* Task to complete *
When you reach the line that contains "Foto - Haus", set down that line and every one after it through the end of the records, exactly as written and with no pictures.

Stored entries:
▼▼▼
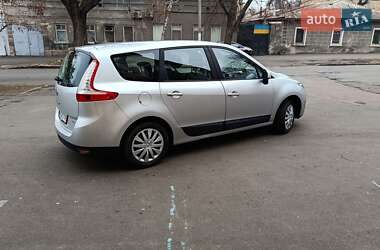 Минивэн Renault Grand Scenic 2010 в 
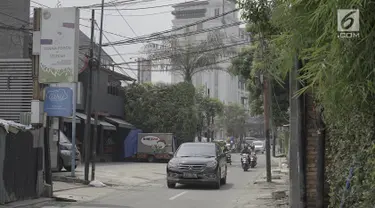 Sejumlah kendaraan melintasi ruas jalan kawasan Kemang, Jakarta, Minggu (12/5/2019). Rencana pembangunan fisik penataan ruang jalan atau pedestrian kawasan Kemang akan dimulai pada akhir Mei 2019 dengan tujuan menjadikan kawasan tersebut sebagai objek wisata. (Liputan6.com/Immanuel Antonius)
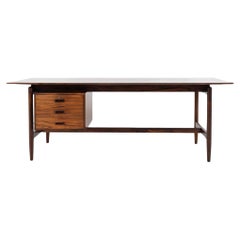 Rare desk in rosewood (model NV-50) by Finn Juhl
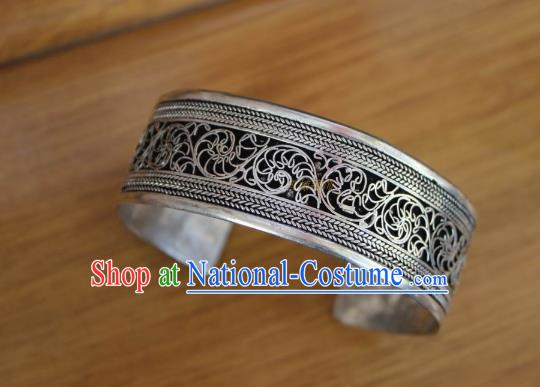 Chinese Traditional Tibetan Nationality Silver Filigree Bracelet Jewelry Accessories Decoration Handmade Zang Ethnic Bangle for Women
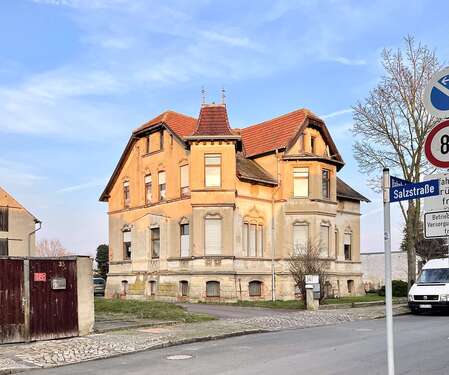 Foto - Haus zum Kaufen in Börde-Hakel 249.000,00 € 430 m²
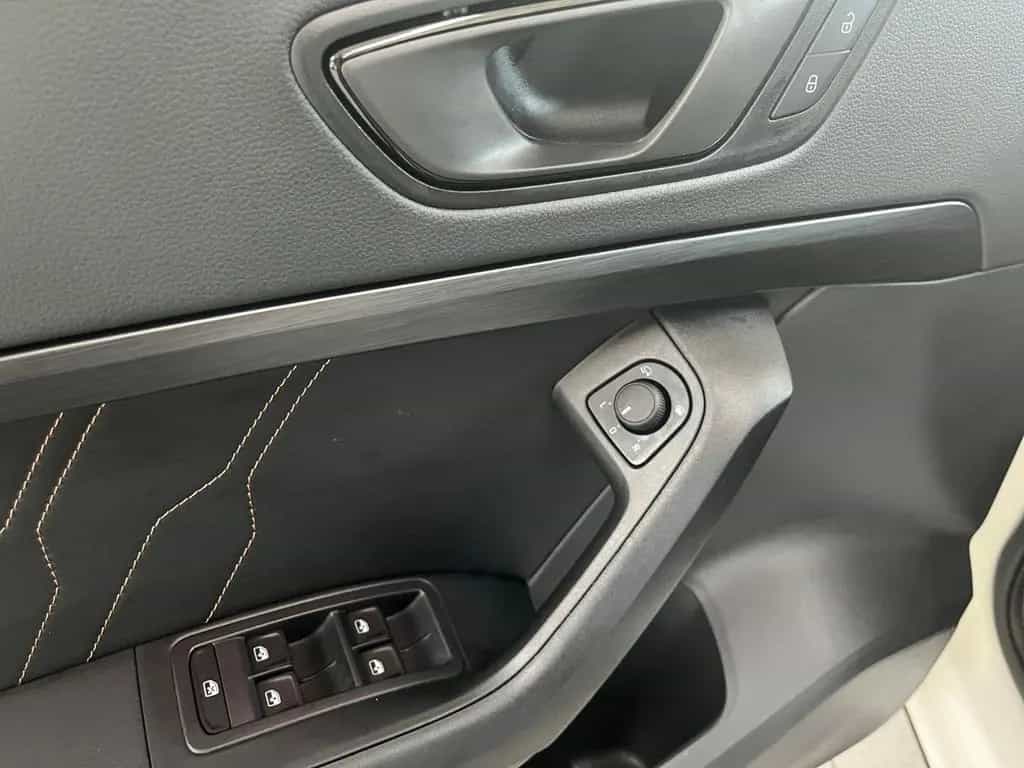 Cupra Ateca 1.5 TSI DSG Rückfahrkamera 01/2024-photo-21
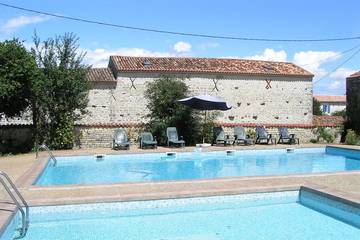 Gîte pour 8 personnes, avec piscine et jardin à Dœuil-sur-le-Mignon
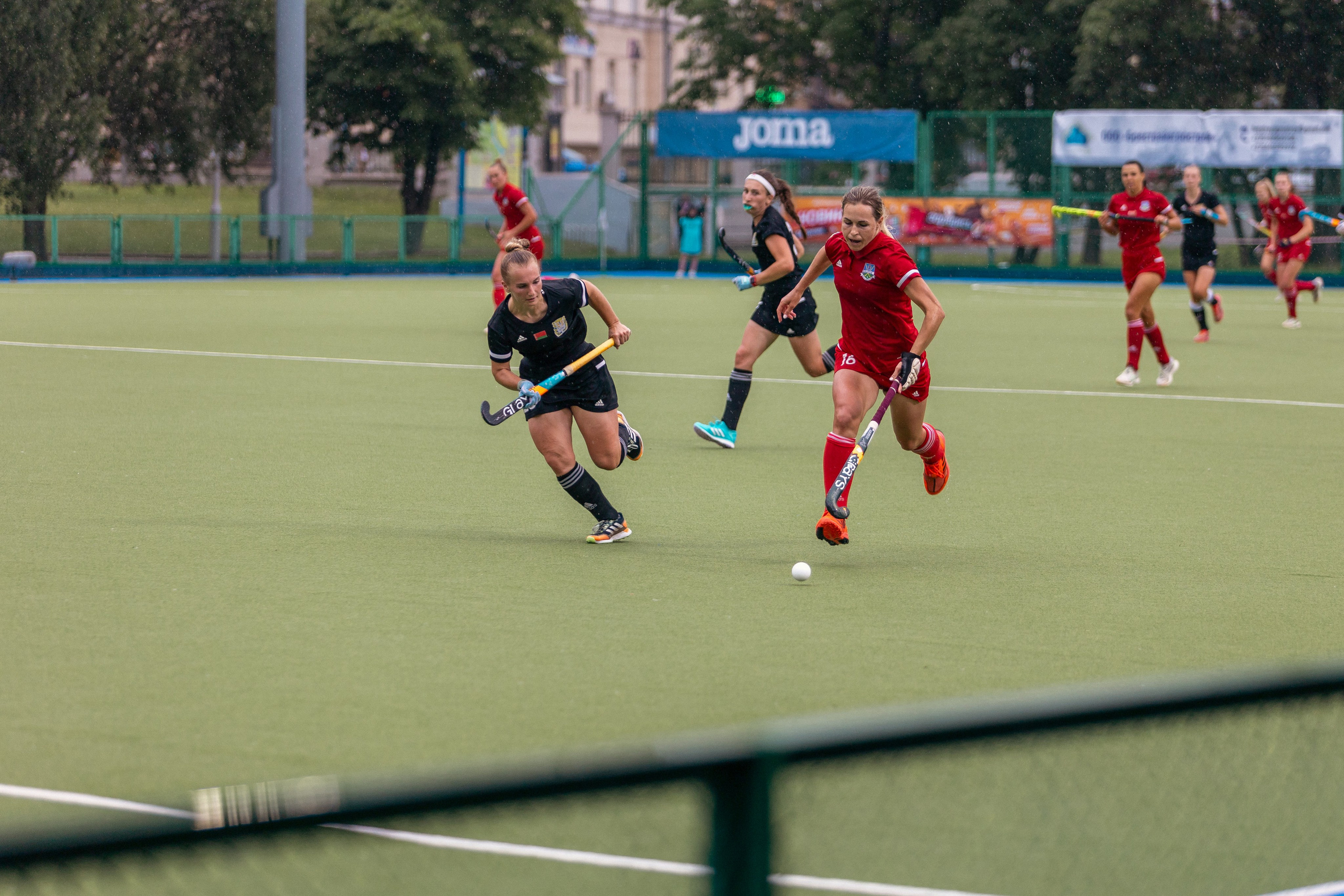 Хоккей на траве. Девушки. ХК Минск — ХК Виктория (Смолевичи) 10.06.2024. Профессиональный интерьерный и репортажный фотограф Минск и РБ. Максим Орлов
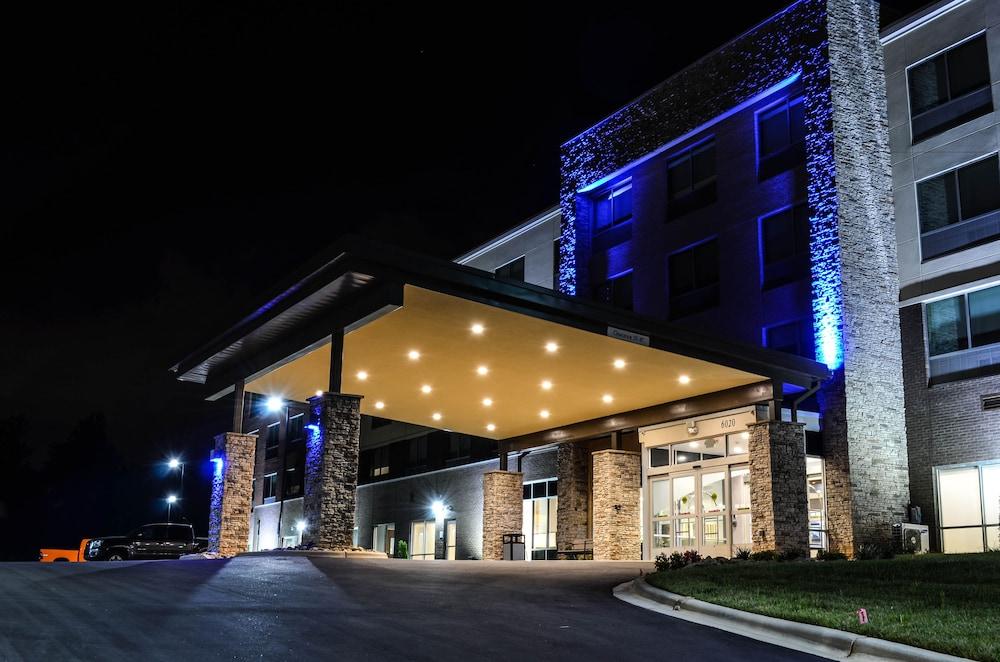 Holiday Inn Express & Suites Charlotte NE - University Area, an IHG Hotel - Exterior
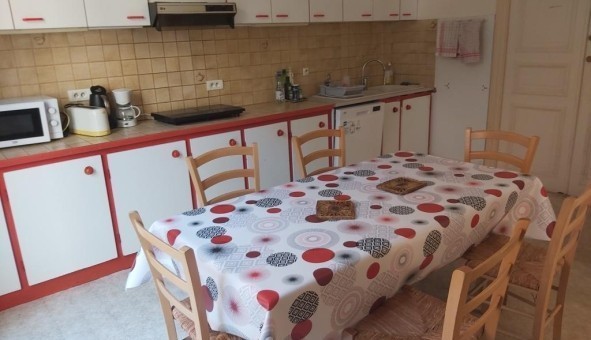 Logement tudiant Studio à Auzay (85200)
▲▲▲
* Written response *
 Foto - Haus zum Kaufen in Börde-Hakel 249.000,00 € 430 m²
 Cupra Ateca 1.5 TSI DSG Rückfahrkamera 01/2024-photo-21
 Gîte pour 8 personnes, avec piscine et jardin à Dœuil-sur-le-Mignon
 Хоккей на траве. Девушки. ХК Минск — ХК Виктория (Смолевичи) 10.06.2024. Профессиональный интерьерный и репортажный фотограф Минск и РБ. Максим Орлов
 Holiday Inn Express & Suites Charlotte NE - University Area, an IHG Hotel - Exterior
 Logement tudiant Studio à Auzay (85200)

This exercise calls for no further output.